Speaking at news conference after a meeting of EU leaders in Bulgaria, Juncker added that he “also decided to allow the European Investment Bank to facilitate European companies’ investment in Iran. The Commission itself will maintain its cooperation with Iran.”
Europe’s hardline position will infuriate Trump, as Brussels effectively nullifying US sanctions will prompt a violent outburst from Trump, who needs Europe on his side for US sanctions of Iran to have any chance of succeeding.
Perhaps sensing what is coming, French President Emmanuel Macron took a slightly softer tone, and said that the French defense of Iran nuclear accord is based on concerns about security and stability, not commerce, and that the deal should be supplemented and it is necessary to continue negotiations, including on missile program.
The French president said that “the European Union decided to preserve the nuclear deal and defend EU companies” adding that “our main interest in Iran is not in trade, but in ensuring stability in the region, at the same time, we will not become an ally of Iran against the US.”

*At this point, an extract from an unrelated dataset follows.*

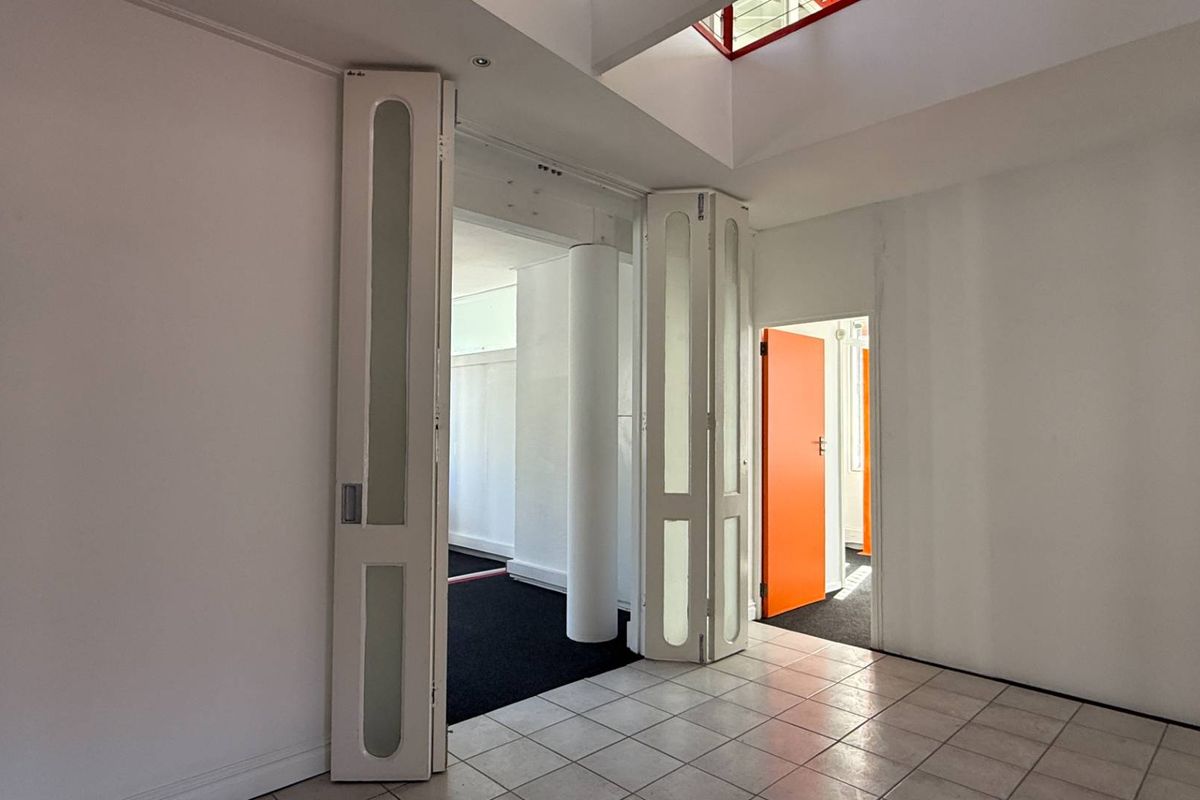 Duplex Style 400m2 office to let in prime location - Photo 2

“My priority is not commercial, it is geopolitical and strategic. It is about stability, it is about favoring an opening of Iranian society. The hardliners in Iran were the most opposed to this accord.”

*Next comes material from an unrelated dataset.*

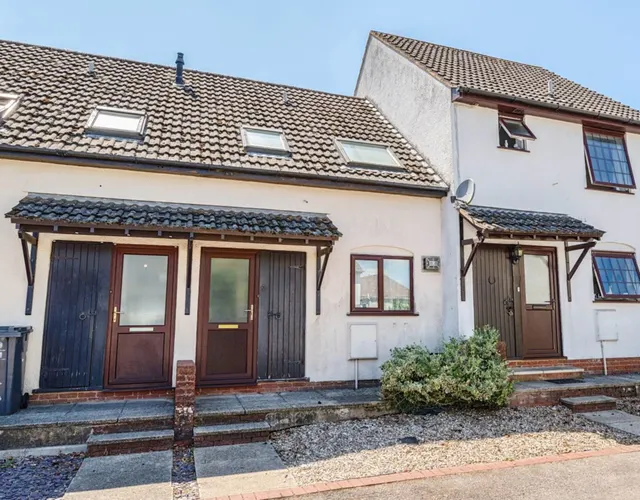 2 bedroom house — Greenclose Court, Colyton, EX24 6RG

“We’ve had a vibrant discussion on Iran. The 2015 nuclear agreement is a crucial element of peace and security in the region. We have opted to support it whatever the US decides to do,” said the French president on arrival at the Sofia summit. “We have pledged to take necessary political steps for our companies to stay in Iran.”
Macron also said that the nuclear deal with Iran must not only be preserved, but also supplemented and expanded to include ways to solve the missile problem and questions about Iran’s role in the region.
“International companies with interests in many countries make their own choices according to their own interests. They should continue to have this freedom,” he added, making it clear that European companies will not be subject to US sanctions, even if that decision is ultimately up to the US.
Still he said he won’t force companies to stay in Iran should the U.S. re-impose sanctions; “The President of the Republic is not the director general of Total.”
As such, France and the EU have no intention of imposing sanctions or counter-sanctions on U.S. companies over the U.S.’s re-imposition of sanctions on Iran, Macron said.
But the most accurate observations by Macron was that Trump’s Iran decision strengthens both Russia and China in the region, something we pointed out weeks ago, begging the question whose interests is Trump representing.
And now that Europe has openly rebelled against Trump’s sanctions, one wonders how long before the selling in oil resumes, as it is becoming increasingly clear that unlike 2012, Europe – and most of Asia – will continue buying Iranian oil, suggesting that the decline, if any, in Iranian exports will be a few hundred thousands barrels at most, a number which we expect will shrink to 0 as Iran offers increasingly preferential prices to its non-USD paying clients, especially now that Asian oil demand is soaring.